Data for the task>
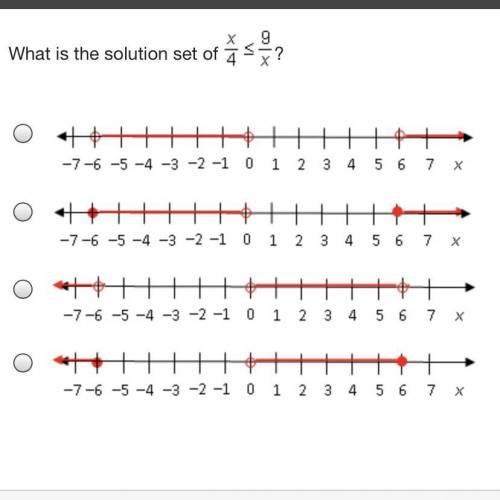 What is the solution of x/4 less than or equal to 9/x? PLS HURRY!!!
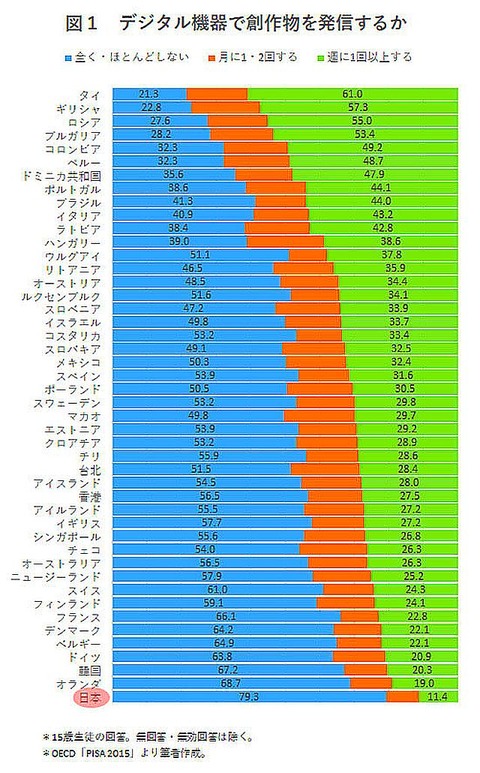 maita170222-chart0102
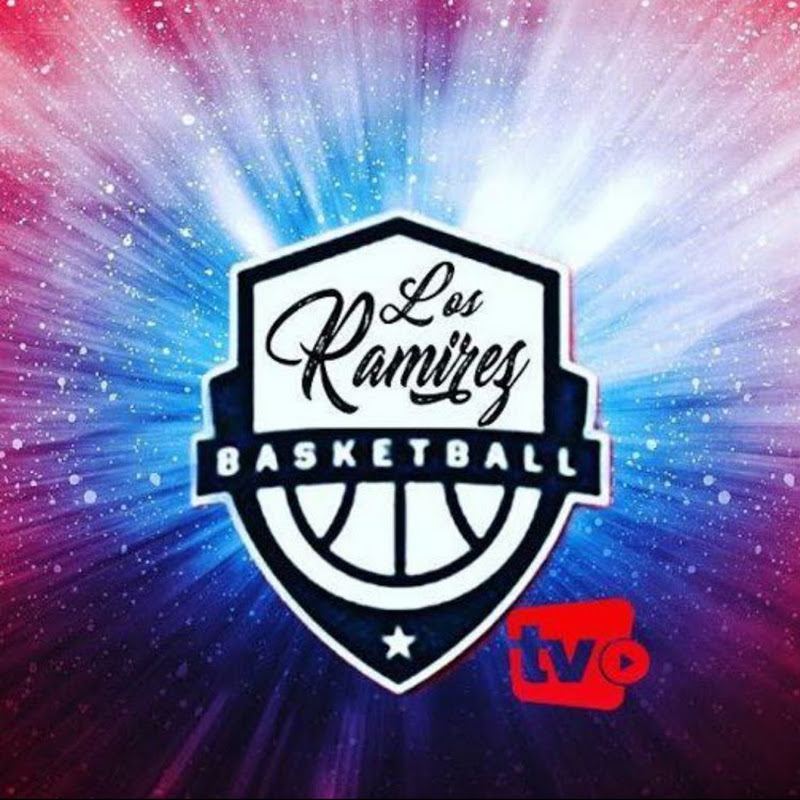 Team Los Ramírez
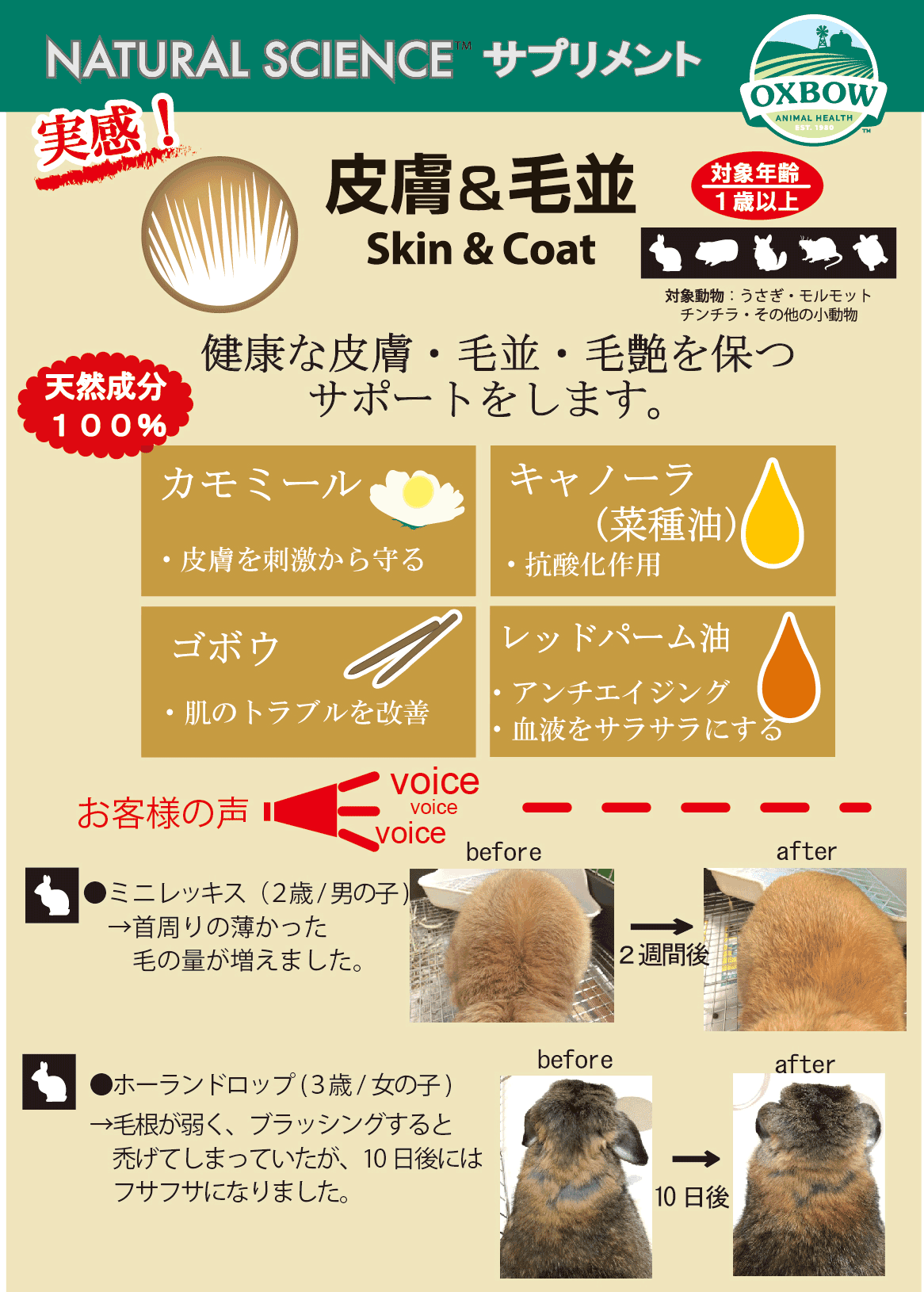 うさぎのサプリ ナチュラルサイエンス 皮毛 薄い毛に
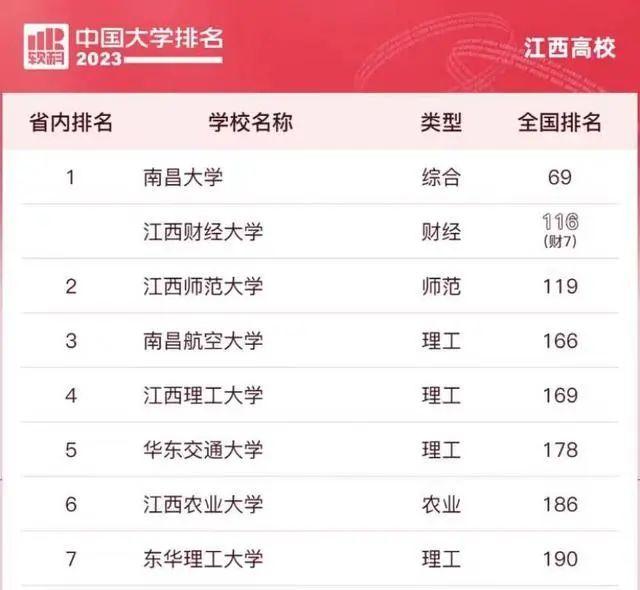 江西省的大学排名是啥，有哪些好大学，前十呢？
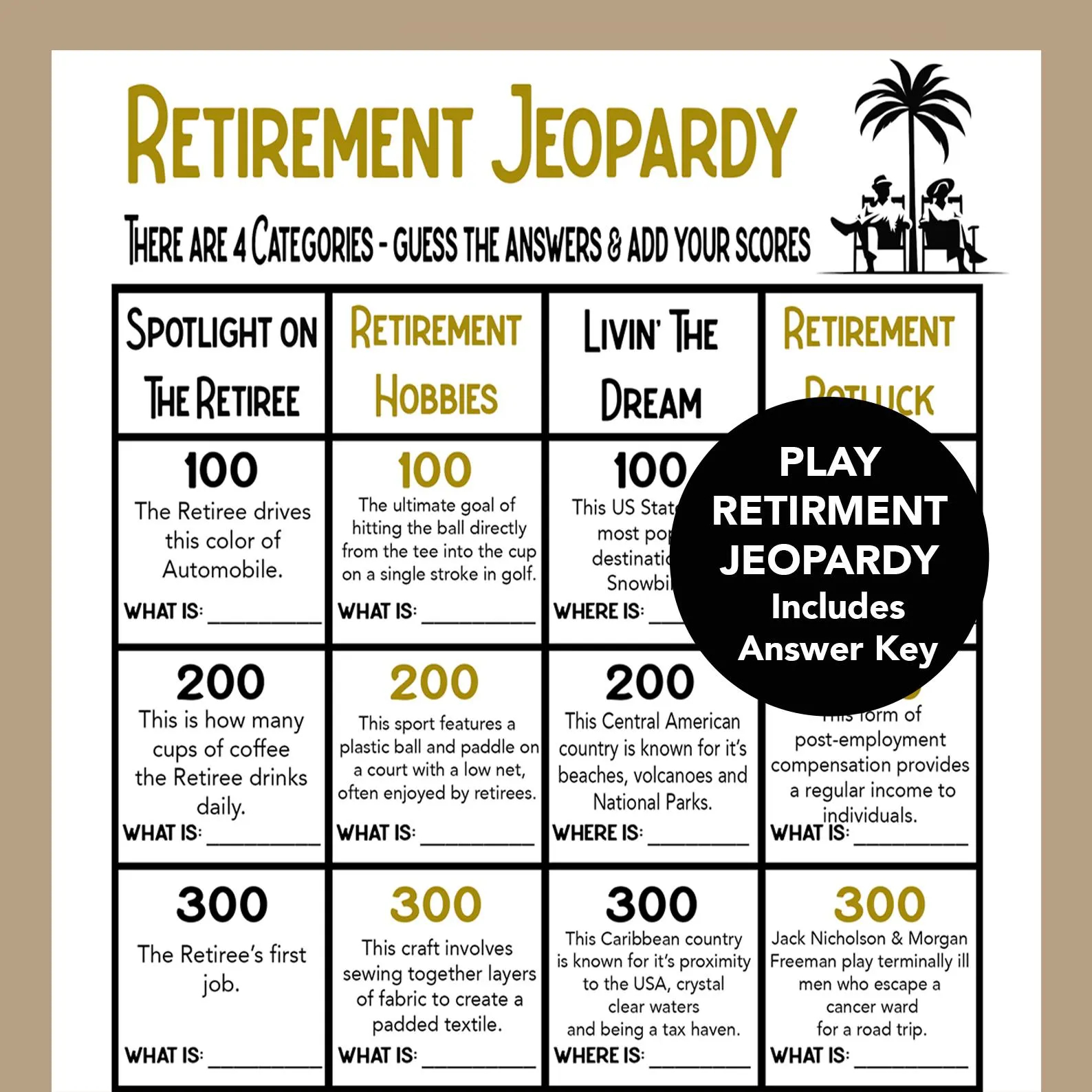Retirement Jeopardy Game Retirement Trivia Game Retirement Party Game Group Game For Retirement Teacher Retirement Office Retirement Etsy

Assignment>
Leave every picture out and copy precisely the lines from the one containing "江西省的大学排名是啥，有哪些好大学，前十呢？" through the last line of the data above, both ends included.

Solution for this problem>
 江西省的大学排名是啥，有哪些好大学，前十呢？
Retirement Jeopardy Game Retirement Trivia Game Retirement Party Game Group Game For Retirement Teacher Retirement Office Retirement Etsy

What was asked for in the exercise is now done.